Pierre Jeambrun aimait passionnément la politique.
Il aimait à en comprendre les ressorts. Il considérait la politique comme exemplaire de l'action humaine. Il la connaissait à merveille. Et le charmeur qu'il était savait nous enchanter par la malice de ses récits consacrés à la politique.
La grande humanité et l'humour de Pierre Jeambrun nous manqueront.
Au nom du Sénat tout entier, j'assure son épouse, ses deux filles et son fils, de notre sympathie sincèrement attristée. A ses collègues de la commission des affaires culturelles et à ses amis du groupe du RDSE, j'adresse nos sincères condoléances.
M. Laurent Fabius, ministre de l'économie, des finances et de l'industrie. Je demande la parole.
M. le président. La parole est à M. le ministre.
M. Laurent Fabius, ministre de l'économie, des finances et de l'industrie. Monsieur le président, mesdames, messieurs les sénateurs, au nom du Gouvernement, je veux m'associer à l'hommage que vous rendez à Pierre Jeambrun.
Membre du groupe du Rassemblement démocratique et social européen, le sénateur Jeambrun était, parmi vous, le représentant des hommes et des femmes du Jura, dont il avait une connaissance personnelle, presque familiale.
Elu, comme vous l'avez rappelé, monsieur le président, à trois reprises au Sénat, il était, je le sais, un parlementaire apprécié de tous.
C'est par une étude remarquée sur la géographie électorale du Jura qu'il entra en politique. Il était alors inspecteur de l'enregistrement, poste envié, en ce temps, au sein de l'administration des finances. Il se mit au service du président Edgar Faure et y resta pendant toute la vie de celui-ci, d'abord dans différents cabinets ministériels, puis à la présidence du Conseil, et dans d'autres ministères encore, dont celui des finances. Il fut ensuite directeur adjoint de son cabinet à la présidence de l'Assemblée nationale.
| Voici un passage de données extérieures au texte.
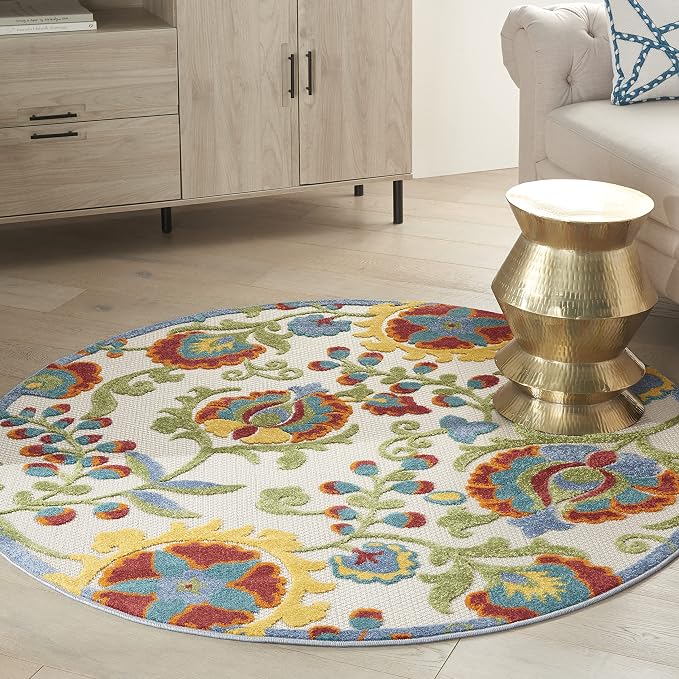 Nourison Home Aloha Ivory Multicolor 4' x Round Area Rug - Easy Clean, Non Shedding, Bed Room, Living Room, Dining Room, Kitchen (4' x Round)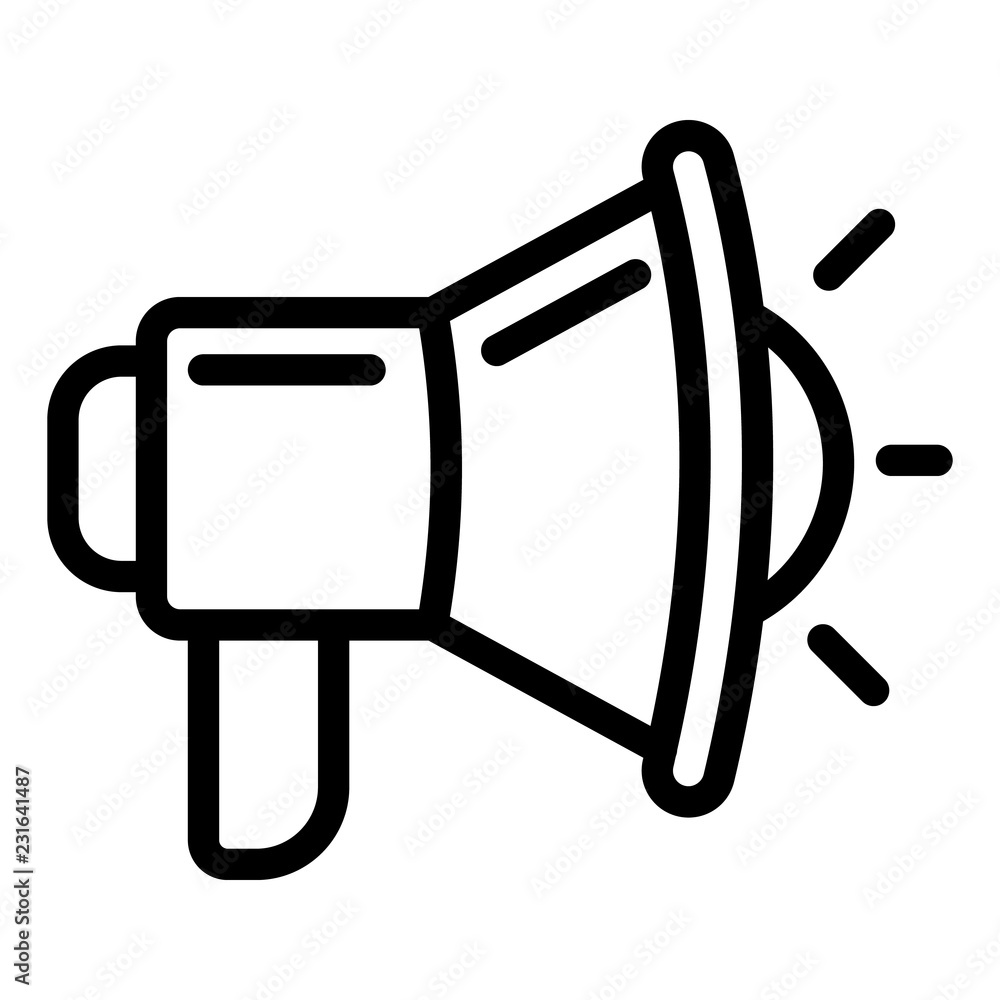 Aufkleber megaphone icon. outline megaphone vector icon for web design isolated on white background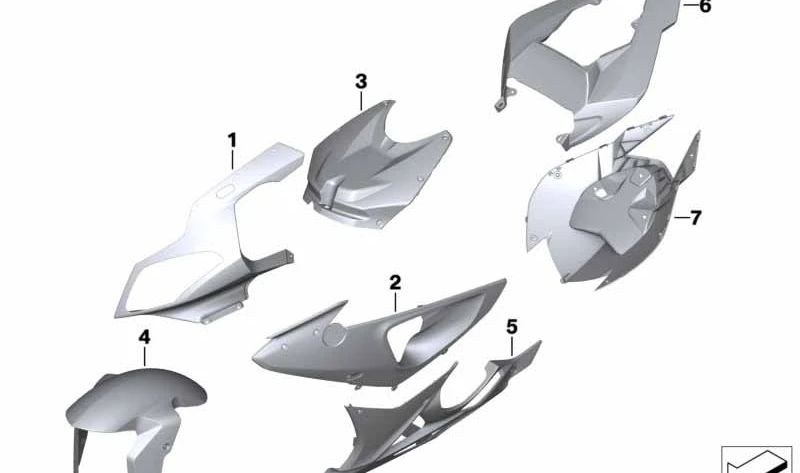 Revestimiento lateral izquierdo OEM 46638522137 para motos BMW S 1000 RR (K46) y HP4 (K42). Original BMW Motorrad.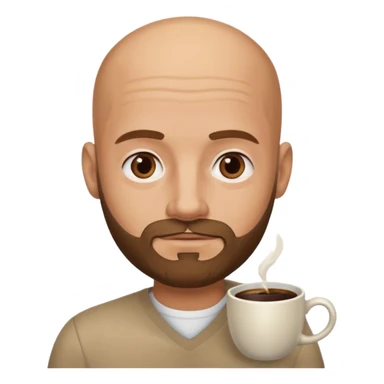 men with coffee no hair, a little beard and no wrinkles sticker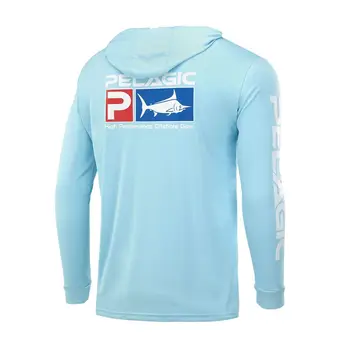 Pelajik Balıkçılık Hoodie Erkek Uzun Kollu Deniz Balıkçılık Gömlek UV Koruma Fener Giyim Açık Yaz Nem Esneklik Forması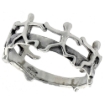 Picture of Sterling Silver People Holding Hands Ring for Women 3/8 inch wide sizes 6 - 10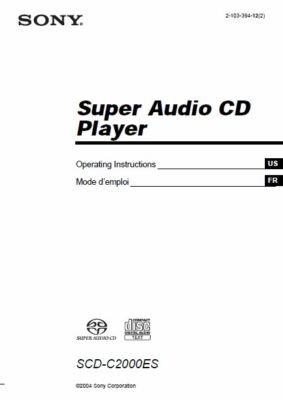 Sony SUPER AUDIO CD PLAYER SCD-C2000ES * MANUAL ONLY *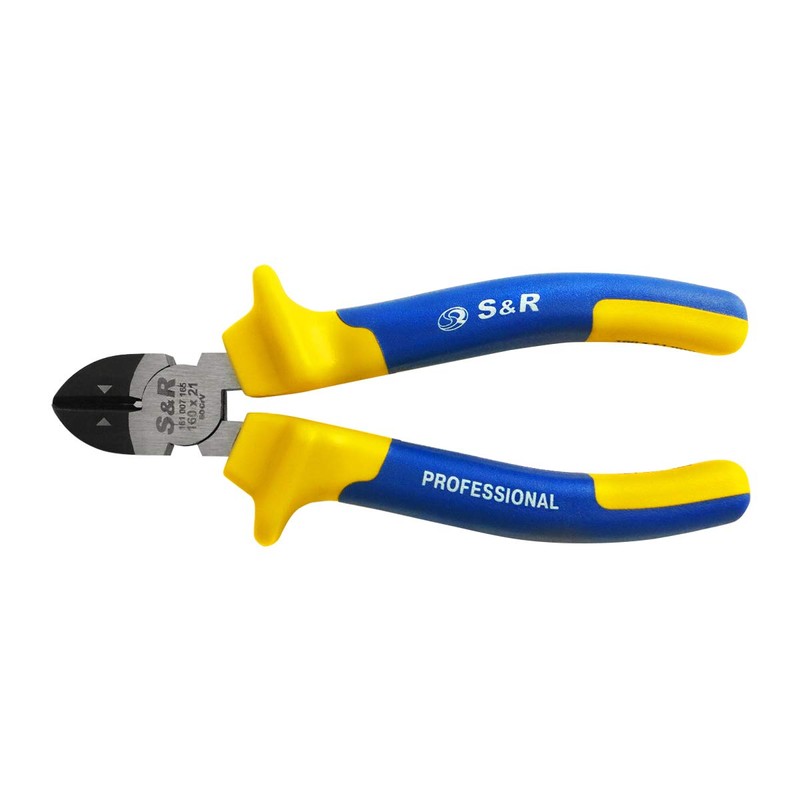 S&R Side cutter 160 x 21mm, Cr.-V with multi-component sleeves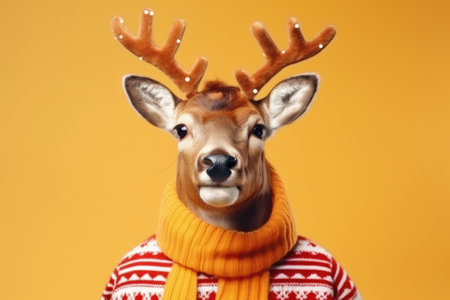 Portrait of a Christmas reindeer wearing a Christmas sweater with a yellow scarf on a yellow background with copy space.の素材
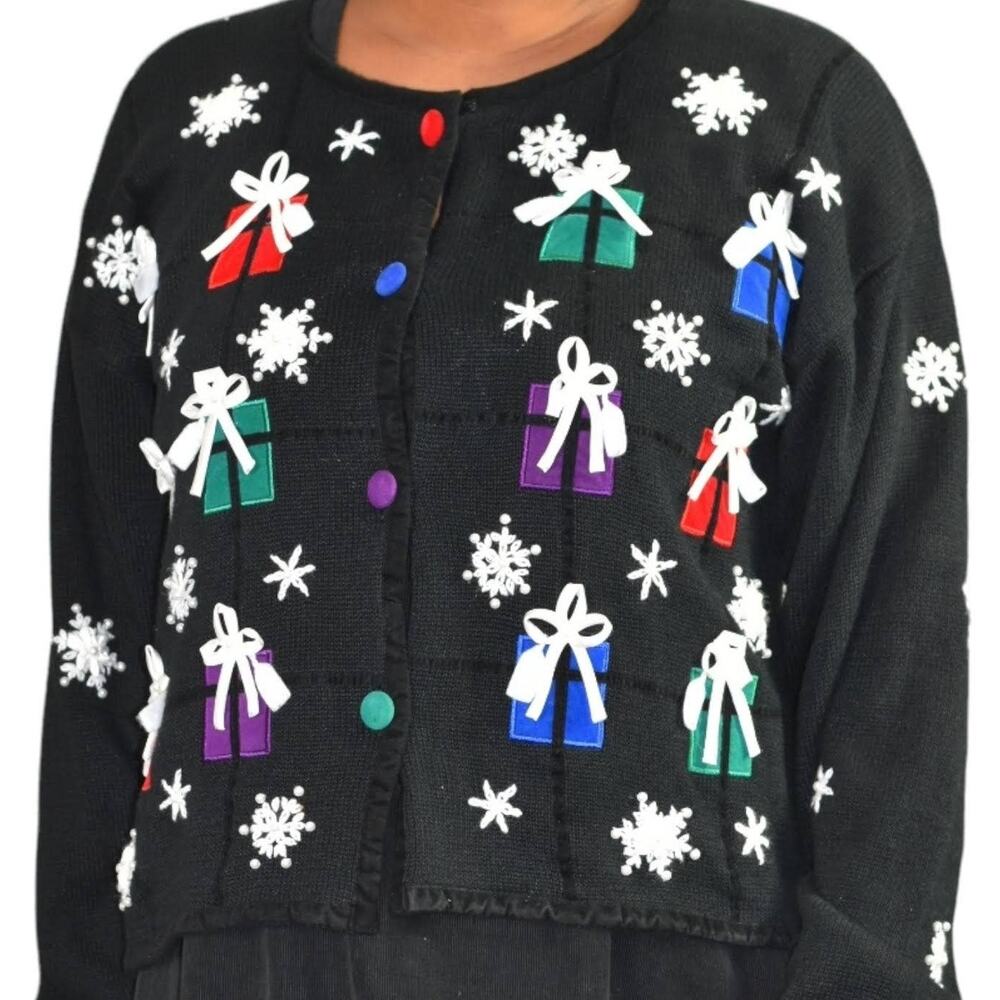 Vintage Christmas Jumper Dress Sweater Matching Set Corduroy Maxi Holiday Large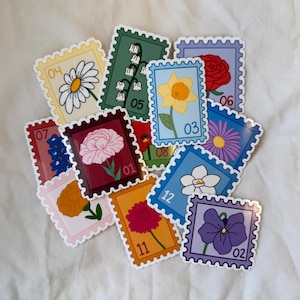 Birth Month Flower Stamp Waterproof Stickers | Birth Stone Sticker | Birth Flower Sticker | Month Sticker | Bday Sticker | Laptop Sticker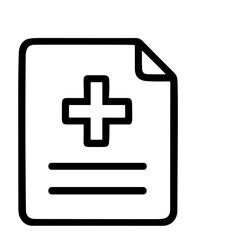 Fototapeta premium Simple Line Style Medical Report with Plus Sign Icon Graphic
Pierre Jeambrun a été avant tout un ami fidèle, fidèle à celui qu'il surnomma affectueusement « l'homme aux sept visages », fidèle à une certaine conception de l'Europe et de la République que, précisément, Edgar Faure incarnait.
Les longues heures de travail, les allers et retours dans les trains, les permanences, les épreuves, mais aussi les satisfactions : telle est la vie des élus du peuple, la vie de leurs collaborateurs, la vie des femmes et des hommes qui donnent leur temps, leur énergie et leur volonté au service des autres, de leur région et de leurs convictions.
Au nom du Gouvernement de la République, je veux adresser à l'épouse de Pierre Jeambrun, à ses trois enfants ainsi qu'à ses proches mes condoléances les plus sincères.
M. le président. Monsieur le ministre, mes chers collègues, je vous invite à observer, à la mémoire de Pierre Jeambrun, une minute de silence. (M. le ministre, Mmes et MM. les sénateurs observent une minute de silence.)
Mes chers collègues, selon la tradition, nous allons interrompre nos travaux pendant quelques instants pour me permettre de saluer la famille de Pierre Jeambrun.
La séance est suspendue.
(La séance, suspendue à seize heures quinze, est reprise à seize heures trente-cinq.)